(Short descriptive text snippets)
++++++++++++++++++++

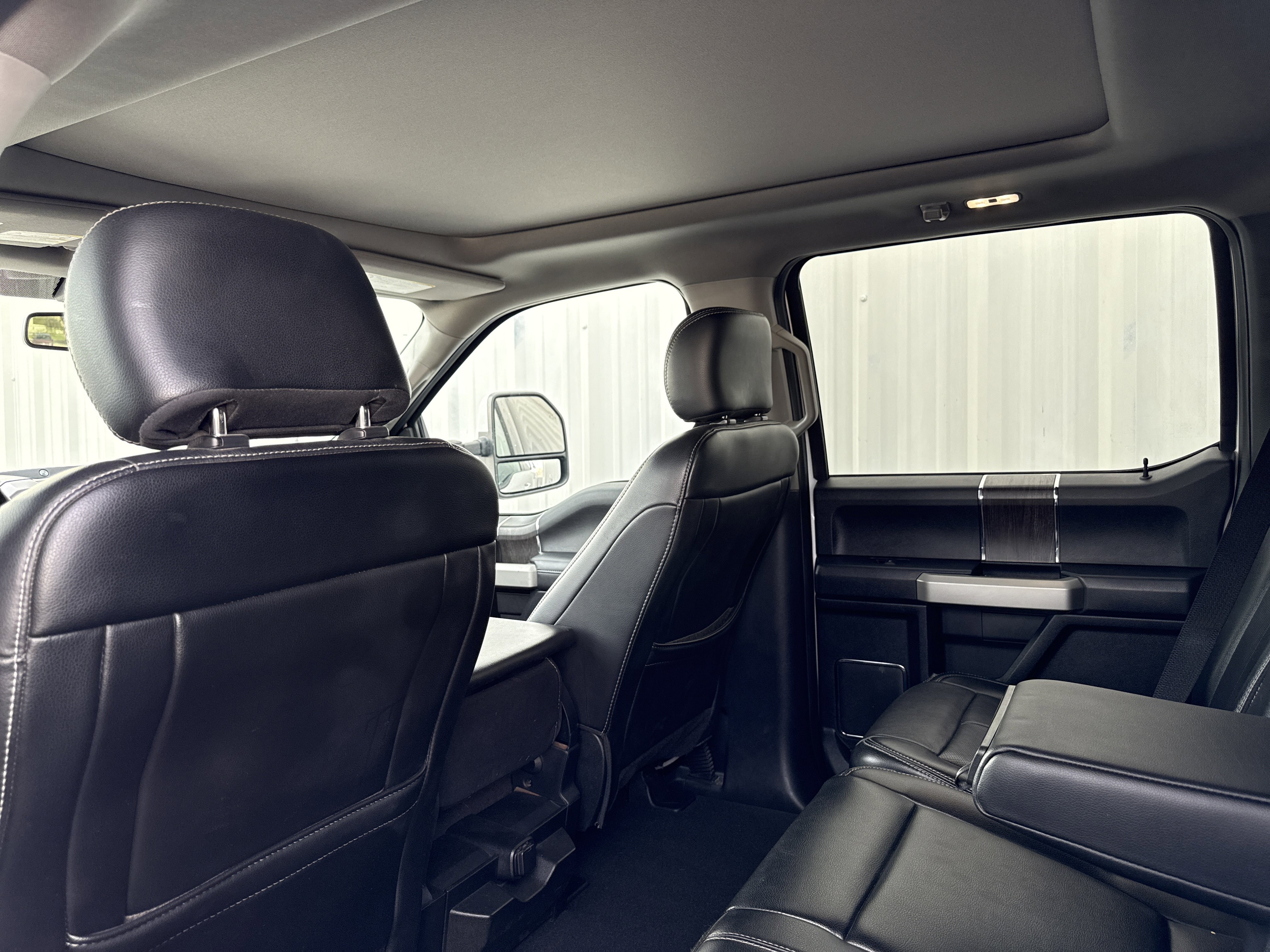 Used 2020 Ford F250 Lariat image 39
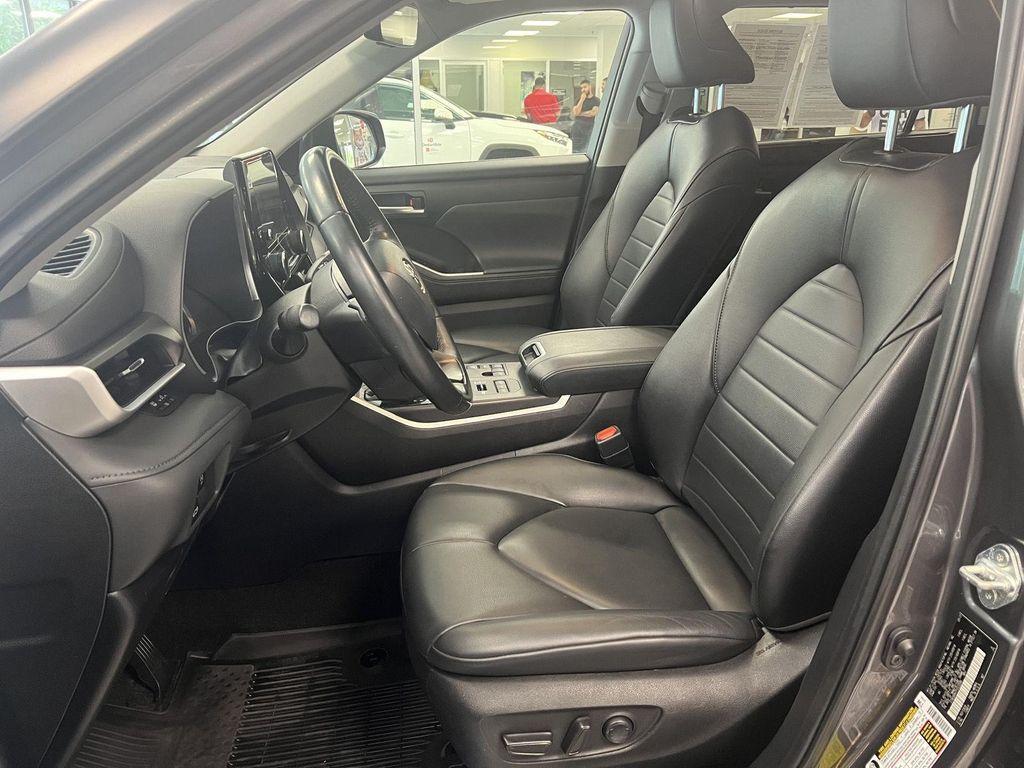 used 2023 Toyota Highlander car, priced at $39,288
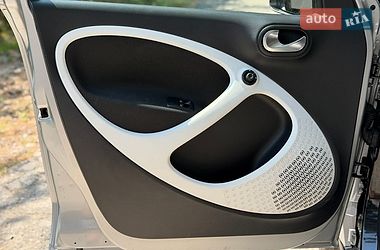 Хэтчбек Smart EQ Forfour 2019 в Киеве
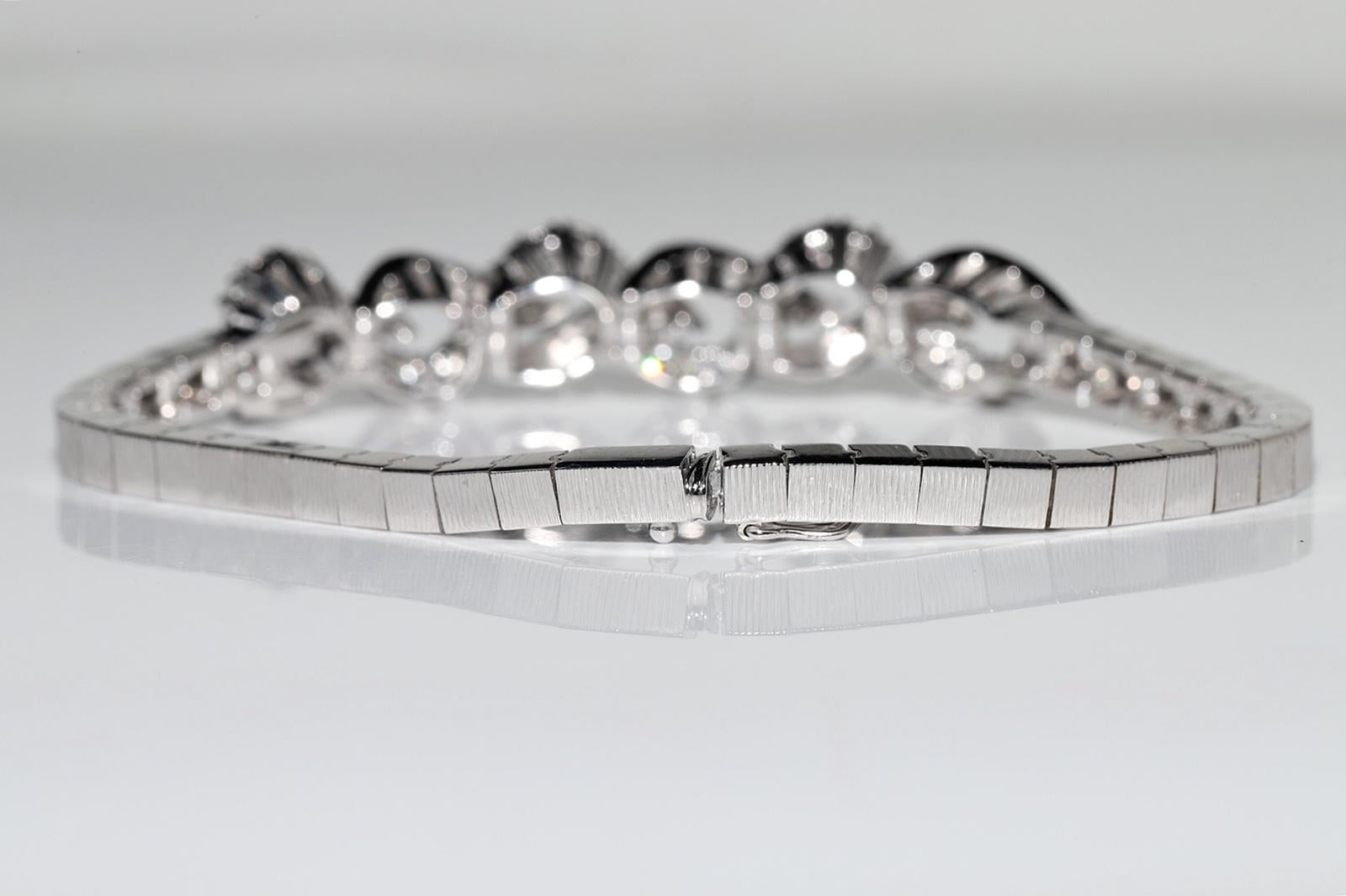 Vintage Circa 1990s 18k Gold Natural Diamond Decorated Bracelet For Sale 1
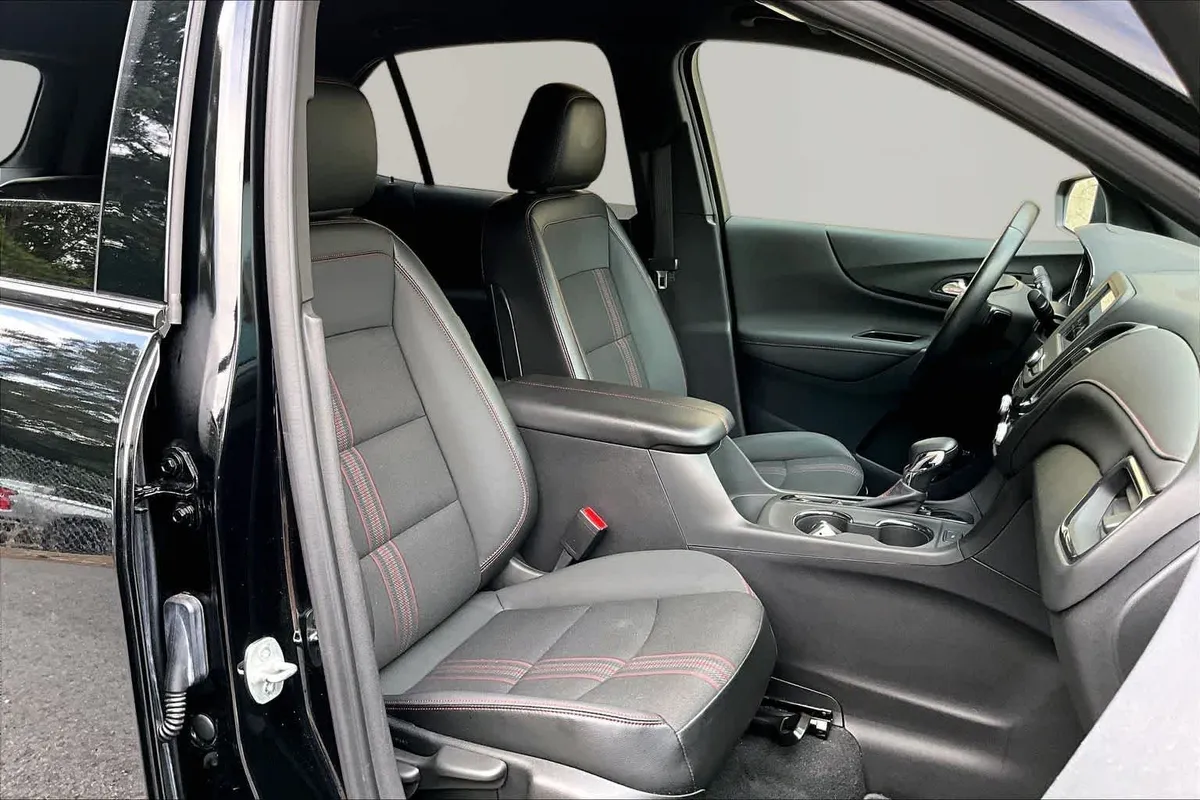 2023 Chevrolet Equinox RS thumbnail 9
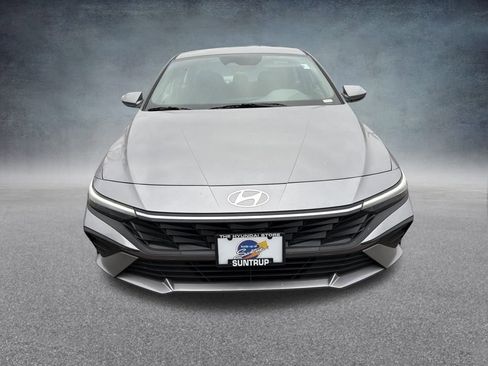 Used 2026 Hyundai Elantra SE w/ Cargo Package FWD image 9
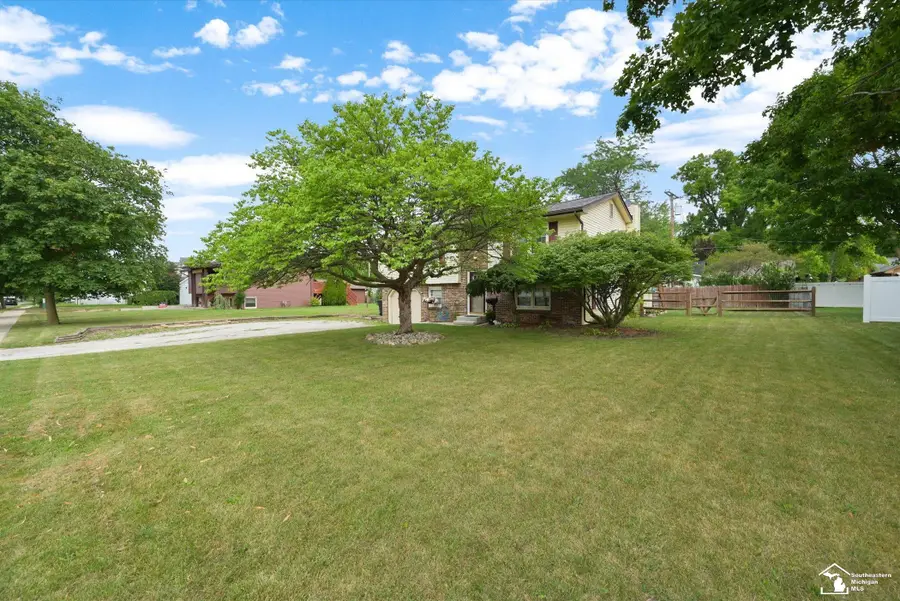 720 Plank ST, Dundee, MI 48131 - #3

++++++++++++++++++++

■ What the task asks:
Please return only the lines from the one holding "Хэтчбек Smart EQ Forfour 2019 в Киеве" through the end of the data, both ends included; do not copy any pictures.

■ Written reply:
 Хэтчбек Smart EQ Forfour 2019 в Киеве
 Vintage Circa 1990s 18k Gold Natural Diamond Decorated Bracelet For Sale 1
 2023 Chevrolet Equinox RS thumbnail 9
 Used 2026 Hyundai Elantra SE w/ Cargo Package FWD image 9
 720 Plank ST, Dundee, MI 48131 - #3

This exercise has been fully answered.